A year and a half ago I was supposed to go to China for a trip. Long story, and it didn't happen, but I spent a lot of time researching every way to get there from here and back. I was at first surprised how few choices there were compared to flying to the mainland. Also disappointed that the planes being used were crappy. I was looking at a business fare, but much of the equipment flying out of HNL was not using the modernized business seats and features a person would get flying out of LAX, SFO, or other big hubs. Old seats, no power ports.
The most obvious and cheapest choices were China Air and Air China, but I didn't want to fly either of them for 13+ hours. I'm a nervous flier and the Taiwanese airline has a poor safety record, and Chinese pilots are not so well trained either.
Next was Korean Air, but they were flying their old equipment.
United and Northwest were options, expensive though, and IIRC so was Delta, although I think Delta was a code share.
Hawaiian Air flies to Manila now, but flying the equator it was one of the longest flights.
JAL was good, but expensive.
I probably would have flown ANA (All Nippon).
The hubs were either Seoul or Narita, and the flights were about the same length either way. I think Delta used Seoul, but it was 18 months ago so I may misremember that.

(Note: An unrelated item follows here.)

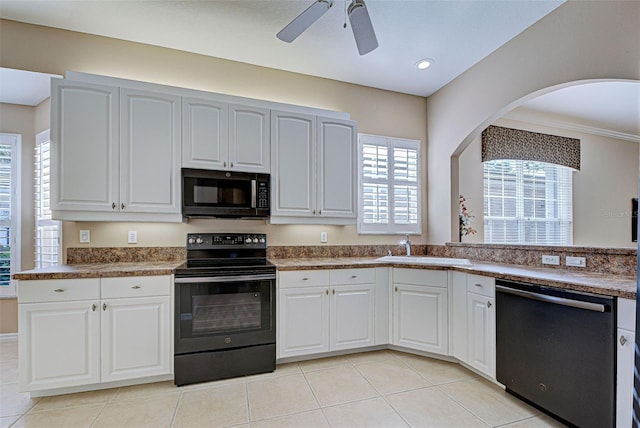 kitchen with black appliances, plenty of natural light, white cabinets, and sink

One thing I found was that flights to and from Beijing are expensive, and flight departing Hong Kong are really affordable. For some reason, cheaper departing HKG than going, possibly because the HKG-HNL has favorable winds, and the outbound flight faces headwinds? I say that because it was a shorter flight on return.
If I had gone I would flown into Beijing and worked my way down to return out of Hong Kong. Of course a business traveler would more likely be in and out of same airport.

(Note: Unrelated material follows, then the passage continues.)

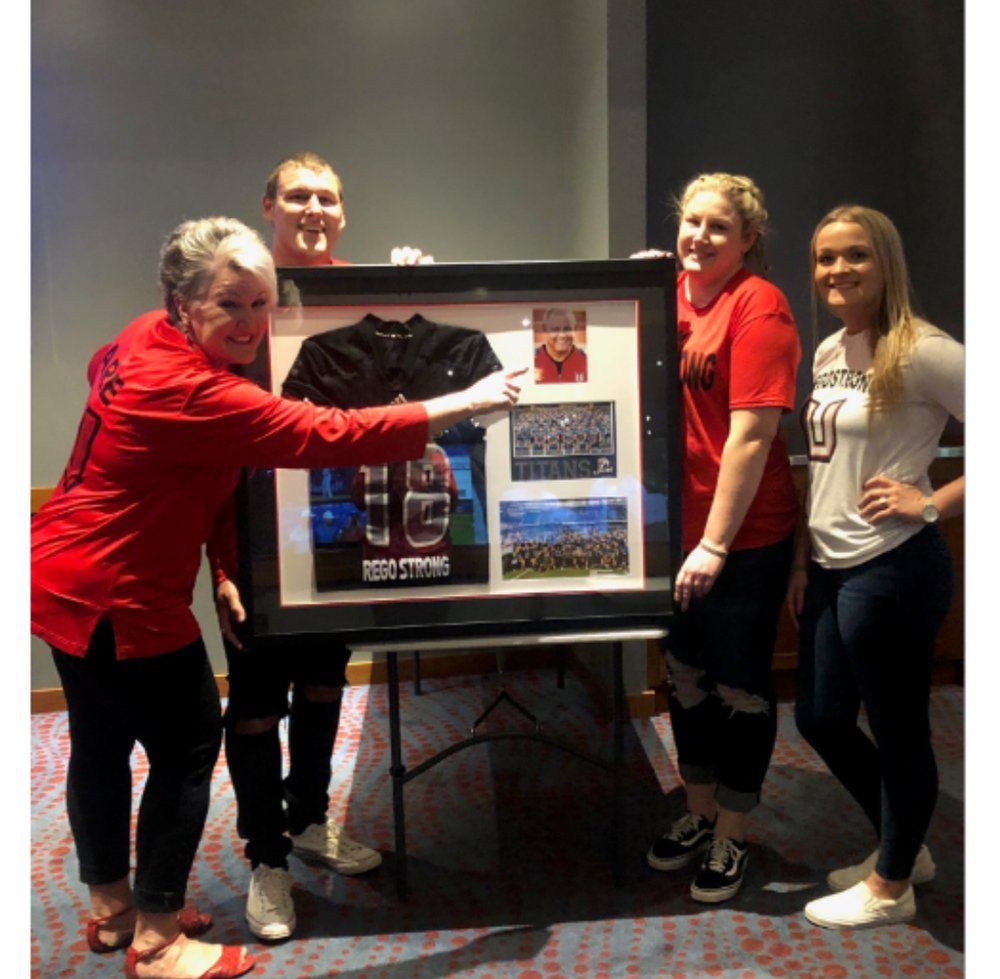 The Rego family presenting a framed REGOSTRONG memorial shadow box.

Anyway, I learned the same thing that Jerry Carr said. Because we are near the equator, our apparent proximity to China -- gained by sitting much farther west than Los Angeles or San Francisco, turns out to be an illusion, particularly to Beijing or Shanghai, which are up there in latitude. Hong Kong is much farther south. If you are interested in playing around with routes, try inputting them at Kayak (
www.kayak.com ). It will not only display every airline flying the route but all the layovers, and you can add and subtract layover destinations. But for this purpose, it's a good site because it puts the actual miles flown and the time in the list of results where one can very easily see the mileage on the route.
It's an eye opener to see just how far away Manila and Guam are from us.
Jerry, I wish they would connect Oceania. Flights around Oceania are just a mess right now. It is about impossible to go between island groups without going back to Auckland or Sydney (or LAX), which is just ridiculous. You can get to Fiji, American Samoa, or Tahiti from here, but try getting to and from French Polynesia without taking a prop plane. It's tough. ANZ only has one direct connection between groups, Tonga and Western Samoa. All the rest people have to return to Auckland and then turn around and go back. And then you cannot even fly ANZ into Tahiti unless you fly business class. So many rules, no flexibility.
I was trying to find a way to use Hawaiian Air's connections to Oceania (Pago-pago, American Samoa and Pape`ete, Tahiti). Fly TO Pago-Pago. At which point forget any connections, so I'd have to fly the Samoan airline to Apia, Western Samoa, which I wanted to do anyway. Then I wanted to fly home out of Tahiti (hoping to visit the Cooks again). And it just couldn't be done in a reasonably efficient and economic fashion. I guess it's all the different nationalities favoring their own airlines, but it's just a mess.